I started learning Rust with two questions:

How successful might Rust become as a viable replacement for C?
If I enjoy functional programming, how much of that enjoyment can I retain while coding in Rust?

The context

My exploration of Rust has taken place in one of my side projects: https://github.com/ericsink/LSM

LSM is a key-value database with a log-structured merge tree design. It is conceptually similar to Google LevelDB. I first wrote it in C#. Then I rewrote/ported it to F#. Now I have ported it to Rust. (The Rust port is not yet mentioned in the README for that repo, but it's in the top-level directory called 'rs'.)
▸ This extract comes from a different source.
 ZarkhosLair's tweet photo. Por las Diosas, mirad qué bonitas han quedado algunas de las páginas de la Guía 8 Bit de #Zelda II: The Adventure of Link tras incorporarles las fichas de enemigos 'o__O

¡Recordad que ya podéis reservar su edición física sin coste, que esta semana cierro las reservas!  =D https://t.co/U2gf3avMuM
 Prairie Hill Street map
For the purpose of learning F# and Rust, my initial experience was the same. The first thing I did in each of these languages was to port LSM. In other words, the F# and Rust ports of LSM are on equal footing. Both of them were written by someone who was a newbie in the language.
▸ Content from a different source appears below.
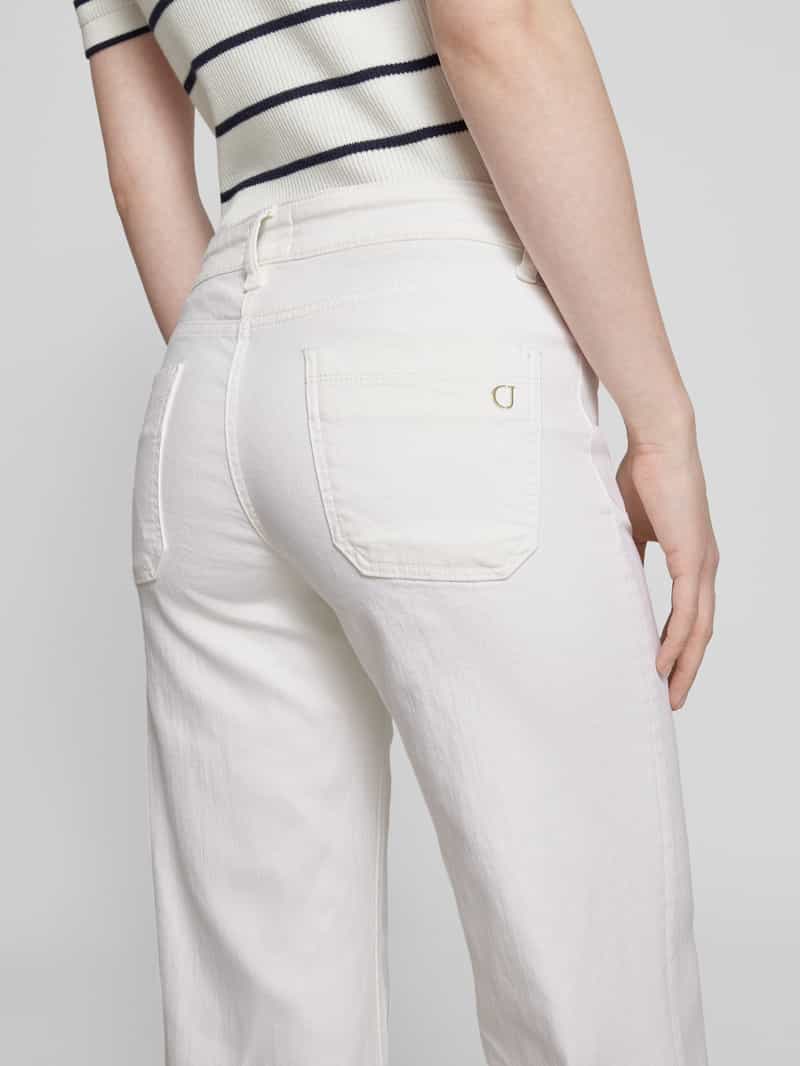 CAMBIO Jeans met verkorte pasvorm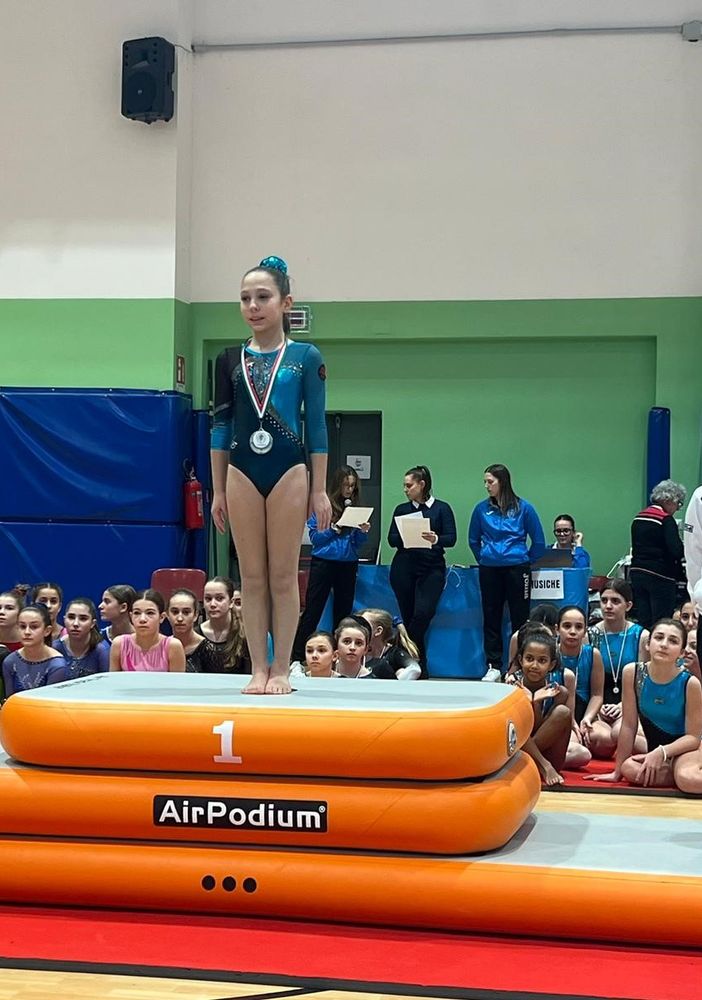 Ginnastica, ottimi piazzamenti per le giovani atlete della Costanza Massucchi Mortara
Anyway, although Rust and F# are very different languages, I have used F# as a reference point for my learning of Rust, so this blog entry walks that path as well.
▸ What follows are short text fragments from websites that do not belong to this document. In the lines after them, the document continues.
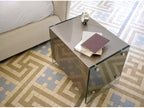 Beige Glass Table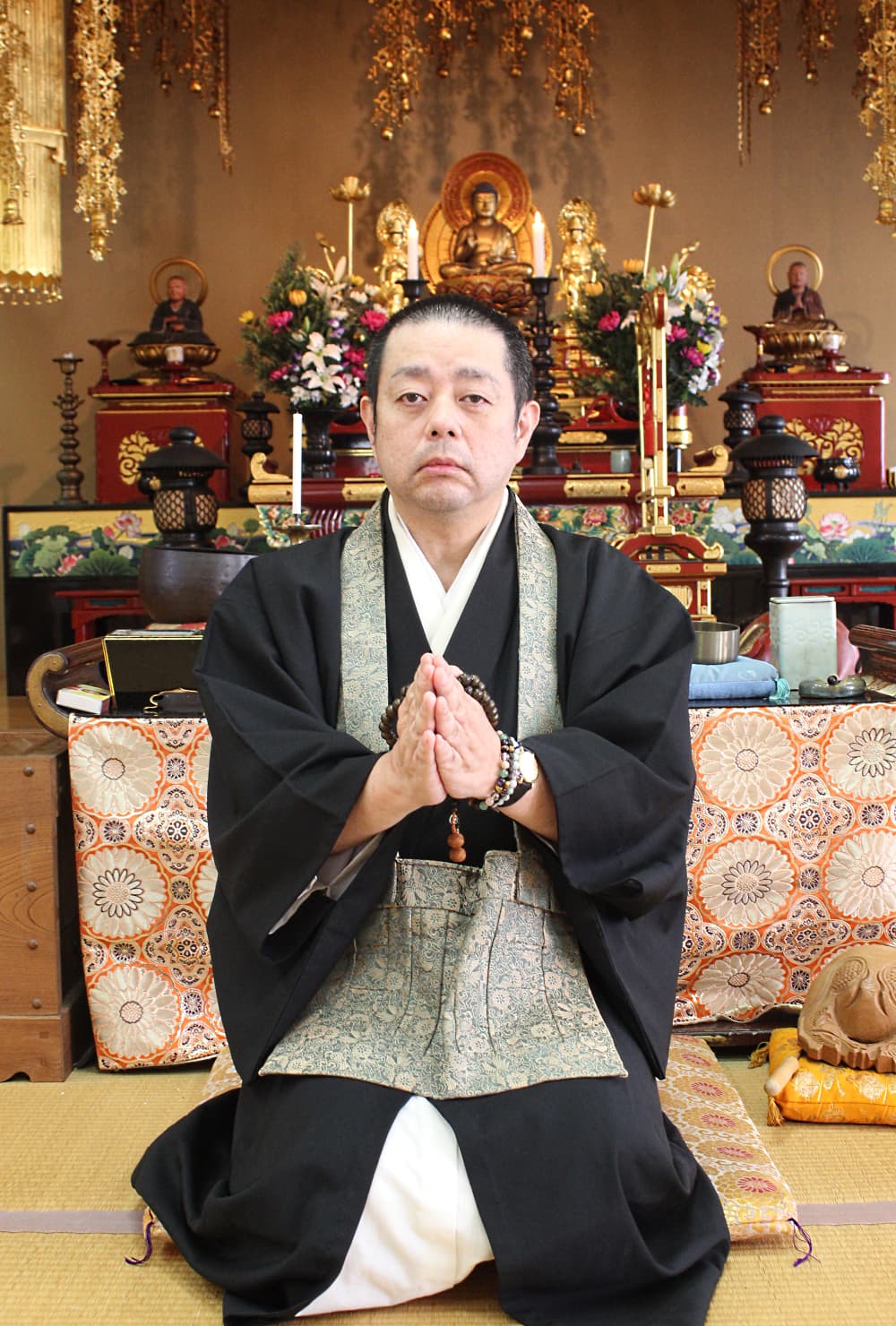 浄土宗　西光寺 住職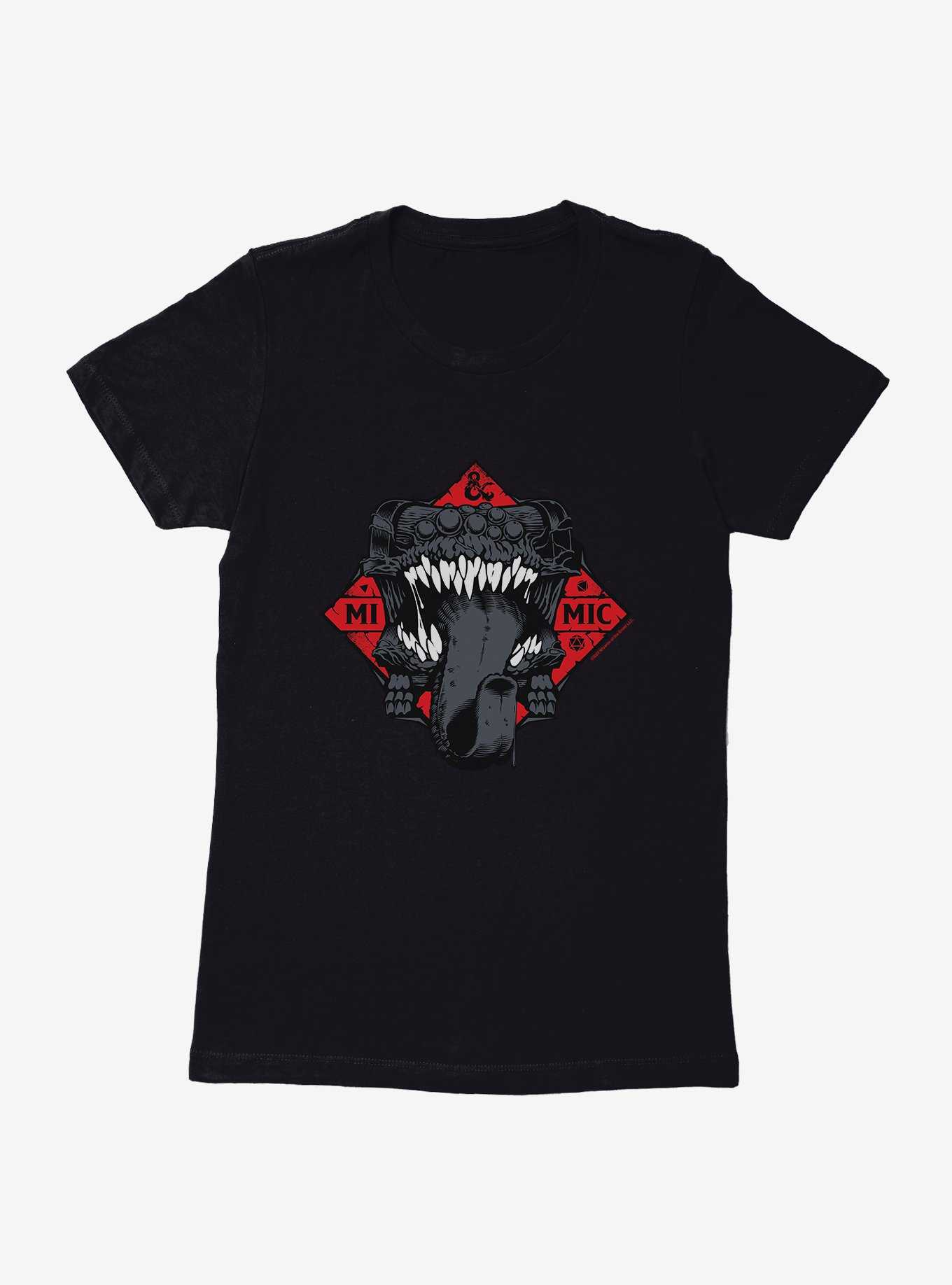 Dungeons & Dragons Mimic Womens T-Shirt, , hi-res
This is not to say that I think Rust and F# would typically be used for the same kinds of things. I can give you directions from Denver to Chicago without asserting they are similar. Nonetheless, given that Rust is mostly intended to be a modern replacement for C, it has a surprising number of things in common with F#.

The big comparison table

	F#	Rust
Machine model	Managed, .NET CLR	Native, LLVM
Runtime	CLR	None
Style	Multi-paradigm, functional-first	Multi-paradigm, imperative-first
Syntax family	ML-ish	C-ish
Blocks	Significant whitespace	Curly braces
Exception handling	Yes	No
Strings	.NET (UTF-16)	UTF-8
Free allocated memory	Automatic, garbage collector	Automatic, static analysis
Type inference	Yes, but not from method calls	Yes, but only within functions
Functional immutable collections	Yes	No
Currying	Yes	No
Partial application	Yes	No
Compiler strictness	Extremely strict	Even stricter
Tuples	Yes	Yes
Discriminated unions	type Blob = \| Stream of Stream \| Array of byte[] \| Tombstone	enum Blob { Stream(Box), Array(Box<[u8]>), Tombstone, }
Mutability	To be avoided	Safe to use
Lambda expressions	let f = (fun acc item -> acc + item)	let f = \|acc, &item\| acc + item;
Higher-order functions	`List.fold f 0 a`	`a.iter().fold(0, f)`
Integer overflow checking	No `open Checked`	Yes
Let bindings	let x = 1 let mutable y = 2	let x = 1; let mut y = 2;
if statements are expressions	Yes	Yes
Unit type	`()`	`()`
Pattern matching	match cur with \| Some csr -> csr.IsValid() \| None -> false	match cur { Some(csr) => csr.IsValid(), None => false }
Primary collection type	Linked list	Vector
Naming types	CamelCase	CamelCase
Naming functions, etc	camelCase	snake_case
Warnings about naming conventions	No	Yes
Type for integer literals	Suffix (`0uy`)	Inference (`0`) or suffix (`0u8`)
Project file	foo.fsproj (msbuild)	Cargo.toml
Testing framework	xUnit, NUnit, etc.	Built into Cargo
Debug prints	`printf "%A" foo`	`println!("{:?}", foo);`

Memory safety

I have written a lot of C code over the years. More than once while in the middle of a project, I have stopped to explore ways of getting the compiler to catch my memory leaks. I tried the Clang static analyzer and Frama-C and Splint and others. It just seemed like there should be a way, even if I had to annotate function signatures with information about who owns a pointer.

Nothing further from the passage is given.